Yup. So did a buddy of mine. And he only trailered his boat 1 round trip a year -- total 700 miles. But he did his hubs every year without fail. He always said "That way I know it is done right". And, he replaced the seals, too, just like ffishman said.

He was NOT a mechanically inclined guy, either.

I bet he would have bought the FleetFarm gadget if he still owned a boat. Greasing was the part he hated because of the mess.

Hawker
10-27-2008, 05:21 AM
Having the right tools makes the job go a lot easier, no doubt, and that bearing packer is the cat's meow!! They can be found at almost any of the chain auto parts stores and sure are handy. As has already been said above, be sure to replace the inner seals, they are cheap insurance to keep water and moisture out. Re-packing is certainly a DIY project, however if you've not done it before, get a buddy who has to help you (key word is "help") and you'll be good to go the next time. Good luck!

ebijack
10-29-2008, 02:29 PM
most bearings fail due to heat (over tightening) you'd be surprised at how loose the nut needs to be after "setting" the bearings. set the bearings with a wrench ( tighten till snug) while spinning the tire. back off the nut about 1/2 turn or so. tighten with fingers and go 1/4 turn back in at most and cotter pin it. there shouldn't be any play in the wheel holding the top and bottom of the tire and it should spin freely. that's it. that's how i've been doing it for 41 yrs.

motorguide
10-30-2008, 10:33 AM
Packing the bearings isn't the hard part. It's cleaning out the old grease, pounding out the seal, pounding out the races, then pounding the new races back in.

It is a DIY even if you aren't handy. If you have a shop do it, they may over or under tighten the nut.

perchjerker
10-30-2008, 11:25 AM
Packing the bearings isn't the hard part. It's cleaning out the old grease, pounding out the seal, pounding out the races, then pounding the new races back in.

It is a DIY even if you aren't handy. If you have a shop do it, they may over or under tighten the nut.

why are you removing the races just to repack the bearings???

motorguide
10-30-2008, 11:39 AM
By the time I pound out the seal, I feel better replacing everything rather than worry about it. :)

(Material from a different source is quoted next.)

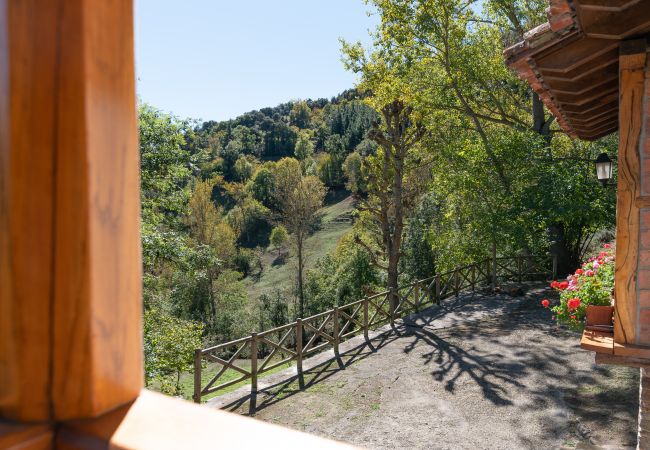 Villa in Cabezón de Liébana - Fidalsa Mountain Views Villa in Cabezón de Liébana - Fidalsa Mountain Views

I have tried everything, but I can't get the seal to come out unless I smash it into oblivion.

Hot Runr Guy
10-30-2008, 11:52 AM
By the time I pound out the seal, I feel better replacing everything rather than worry about it. :)

I have tried everything, but I can't get the seal to come out unless I smash it into oblivion.
you need to get a different claw hammer. Sure, the seal get's destroyed, but it never touches the race.
HRG
or, you can get the "correct" tool: http://www.lislecorp.com/tool_detail.cfm?detail=1114

motorguide
10-30-2008, 12:47 PM
you need to get a different claw hammer. Sure, the seal get's destroyed, but it never touches the race.
HRG
or, you can get the "correct" tool: http://www.lislecorp.com/tool_detail.cfm?detail=1114

Have both, neither works. I even leave the tire on, but the "correct" tool just bends the lip and then my hands smash the rim. I wish it would work cuz then it would be a 1 hour job instead of all afternoon.

Hot Runr Guy
10-30-2008, 01:11 PM
motorguide,
Are the grease seals you're using ground smooth on the OD, or coated? The ones I've been using lately seem to have a teflon-like coating, which probably keeps them from rusting and sticking to the hub. I think I've got a spare set at home, let me look tonight and see what brand they are.
HRG

motorguide
10-30-2008, 02:18 PM
motorguide,
Are the grease seals you're using ground smooth on the OD, or coated? The ones I've been using lately seem to have a teflon-like coating, which probably keeps them from rusting and sticking to the hub. I think I've got a spare set at home, let me look tonight and see what brand they are.
HRG

They are kind of are goldish. I get them from Carquest.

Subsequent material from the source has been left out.